● **Exercise objective**
Repeat every entry below exactly as given.

● **Input data**
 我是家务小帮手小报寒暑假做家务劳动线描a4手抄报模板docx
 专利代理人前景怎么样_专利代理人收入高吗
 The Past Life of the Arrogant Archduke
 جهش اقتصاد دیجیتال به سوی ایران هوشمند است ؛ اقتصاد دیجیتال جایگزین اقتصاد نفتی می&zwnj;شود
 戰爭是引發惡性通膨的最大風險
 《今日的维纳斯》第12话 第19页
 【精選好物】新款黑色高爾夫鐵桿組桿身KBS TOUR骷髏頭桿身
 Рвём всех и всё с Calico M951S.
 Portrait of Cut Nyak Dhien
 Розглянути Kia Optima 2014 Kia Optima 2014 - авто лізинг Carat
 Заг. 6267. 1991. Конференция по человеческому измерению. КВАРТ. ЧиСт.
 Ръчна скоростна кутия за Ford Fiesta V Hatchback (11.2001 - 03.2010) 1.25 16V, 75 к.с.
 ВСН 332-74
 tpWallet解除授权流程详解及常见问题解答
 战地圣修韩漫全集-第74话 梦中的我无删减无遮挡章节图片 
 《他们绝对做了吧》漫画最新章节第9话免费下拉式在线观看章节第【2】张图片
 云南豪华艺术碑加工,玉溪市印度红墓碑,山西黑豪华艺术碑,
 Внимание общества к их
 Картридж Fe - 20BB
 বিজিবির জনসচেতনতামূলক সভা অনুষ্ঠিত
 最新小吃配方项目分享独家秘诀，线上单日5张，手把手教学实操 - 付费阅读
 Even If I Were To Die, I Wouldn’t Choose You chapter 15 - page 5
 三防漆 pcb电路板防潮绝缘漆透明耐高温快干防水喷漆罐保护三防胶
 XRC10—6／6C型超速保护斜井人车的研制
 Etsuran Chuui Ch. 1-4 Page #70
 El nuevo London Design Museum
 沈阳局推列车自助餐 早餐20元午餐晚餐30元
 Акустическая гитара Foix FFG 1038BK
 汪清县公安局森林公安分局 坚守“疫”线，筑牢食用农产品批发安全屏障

● **Result below**
 我是家务小帮手小报寒暑假做家务劳动线描a4手抄报模板docx
 专利代理人前景怎么样_专利代理人收入高吗
 The Past Life of the Arrogant Archduke
 جهش اقتصاد دیجیتال به سوی ایران هوشمند است ؛ اقتصاد دیجیتال جایگزین اقتصاد نفتی می&zwnj;شود
 戰爭是引發惡性通膨的最大風險
 《今日的维纳斯》第12话 第19页
 【精選好物】新款黑色高爾夫鐵桿組桿身KBS TOUR骷髏頭桿身
 Рвём всех и всё с Calico M951S.
 Portrait of Cut Nyak Dhien
 Розглянути Kia Optima 2014 Kia Optima 2014 - авто лізинг Carat
 Заг. 6267. 1991. Конференция по человеческому измерению. КВАРТ. ЧиСт.
 Ръчна скоростна кутия за Ford Fiesta V Hatchback (11.2001 - 03.2010) 1.25 16V, 75 к.с.
 ВСН 332-74
 tpWallet解除授权流程详解及常见问题解答
 战地圣修韩漫全集-第74话 梦中的我无删减无遮挡章节图片 
 《他们绝对做了吧》漫画最新章节第9话免费下拉式在线观看章节第【2】张图片
 云南豪华艺术碑加工,玉溪市印度红墓碑,山西黑豪华艺术碑,
 Внимание общества к их
 Картридж Fe - 20BB
 বিজিবির জনসচেতনতামূলক সভা অনুষ্ঠিত
 最新小吃配方项目分享独家秘诀，线上单日5张，手把手教学实操 - 付费阅读
 Even If I Were To Die, I Wouldn’t Choose You chapter 15 - page 5
 三防漆 pcb电路板防潮绝缘漆透明耐高温快干防水喷漆罐保护三防胶
 XRC10—6／6C型超速保护斜井人车的研制
 Etsuran Chuui Ch. 1-4 Page #70
 El nuevo London Design Museum
 沈阳局推列车自助餐 早餐20元午餐晚餐30元
 Акустическая гитара Foix FFG 1038BK
 汪清县公安局森林公安分局 坚守“疫”线，筑牢食用农产品批发安全屏障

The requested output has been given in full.